Assam has a unique landscape with sprawling tea gardens and unending stretches of paddy fields interspersed with groves of coconut, areca nuts, and banana trees. Its population is a confluence of streams of different races and tribes like the Austrics, the Aryans, Negroids, Indo-Burmese, Indo-Tibetans, and Mongoloid. They have enriched each other and have evolved to give a distinctive identity to the Assamese people. Assam is located at the gateway of Northeast India, Assam is separated by Bangladesh from mainstream India.

The state is bounded in the north by Arunachal Pradesh and Bhutan; in the east by Nagaland, Manipur, and Burma; in the south by Bangladesh, Tripura, Mizoram, and Bangladesh; and in the west by West Bengal.Assam can be broadly divided into three distinct physical units, the Brahmaputra Valley in the north, the Barak Valley in the narrow protruding south, and the state’s hilly region separating the two valleys.

The region of Assam was mentioned by the Chinese explorer Chang Kien of having trade links with China in 100 B.C. The Periplus of the Erythrean Sea and Ptolemy’s Geography also acknowledge the existence of this state before Christ. The Australoids or the pre-Dravidians were the earliest inhabitants of this state. But, it were the Mongoloids who entered the land through the eastern mountainous passes and overrun the land long before the time of the compilation of the Hindu religious literature known as the Vedas.

In the Vedic literature, the state has been mentioned as the land of Kirats with Pragjyotishpur as the capital. In the epic Mahabharata, it is mentioned that the Kirats fought against the Pandavas. Huen Tsang, the great Chinese traveler, visited this region in the 7th century. At that point of time, Pragjyotishpur was known as Kamrup, which was then a strong kingdom under King Bhaskaravarman. However, after this there was a gradual decline of this region and subsequent centuries were witness to repeated onslaughts by aboriginals that reduced the power of the kingdom and led to its fragmentation. It was a time when no single power could hold sway in Assam.

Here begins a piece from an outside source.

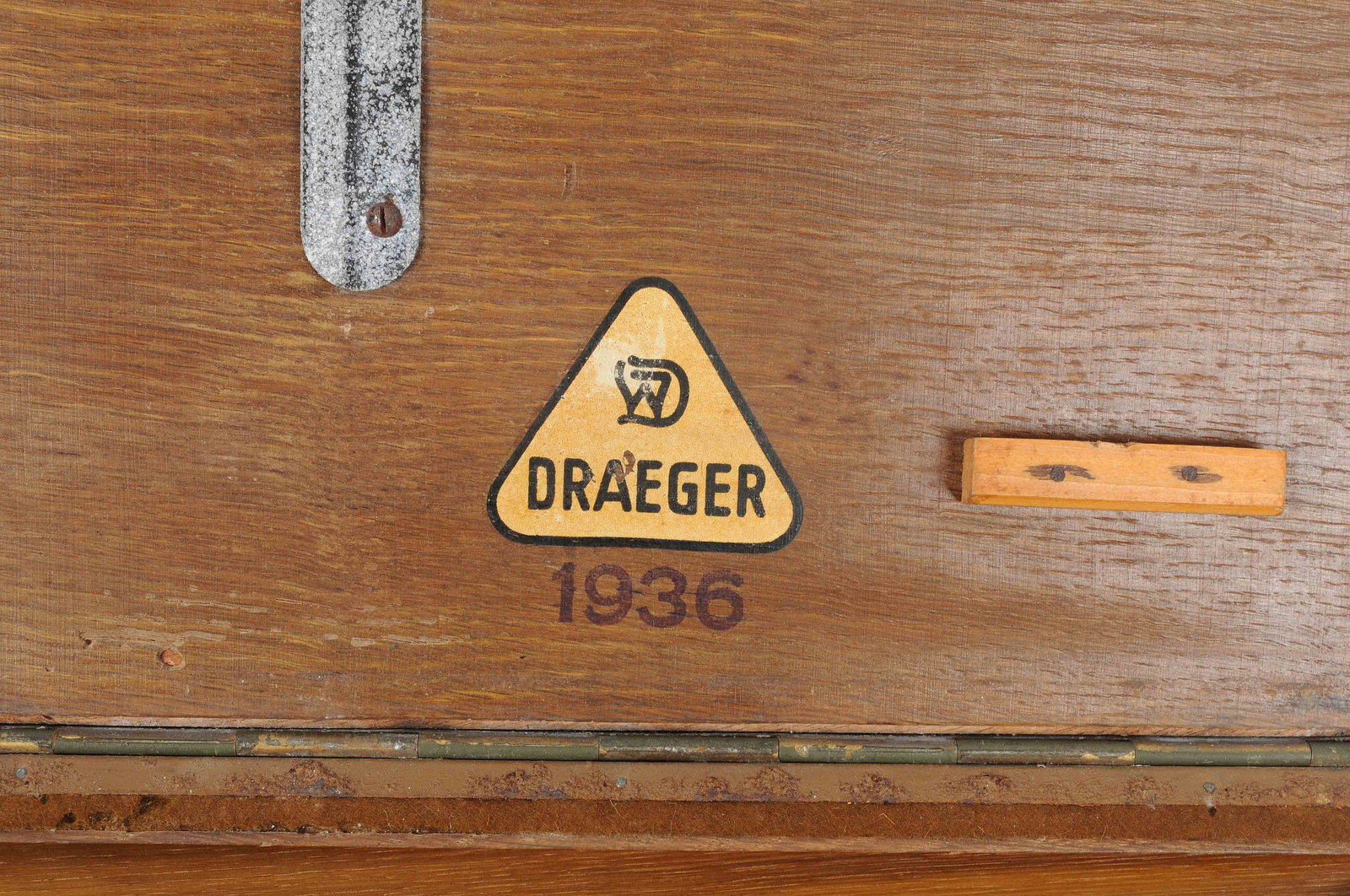 *German Pre WWII 1936 Dated Draeger Respiratory Field Hospital Kit (C3T) - 2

GUWAHATI – Guwahati is the gateway to the Northeast and is the main industrial, commercial and communication centreof the region. It is surrounded by hills and dominated by the Brahmaputra River, which is so wide at some places that the far shore if often not visible. The name Guwahati is said to be literally made of up two Ahom words – Guwa or arecanut and Haat or market place. The early History of the town is shrouded in myths and legends. According to mythological legends, the city was built by the demon king Narkasur, who was later killed by Lord Krishna. It is also known as the legendry Kamrup, the birthplace of Kamdeva, the ‘God of Love’.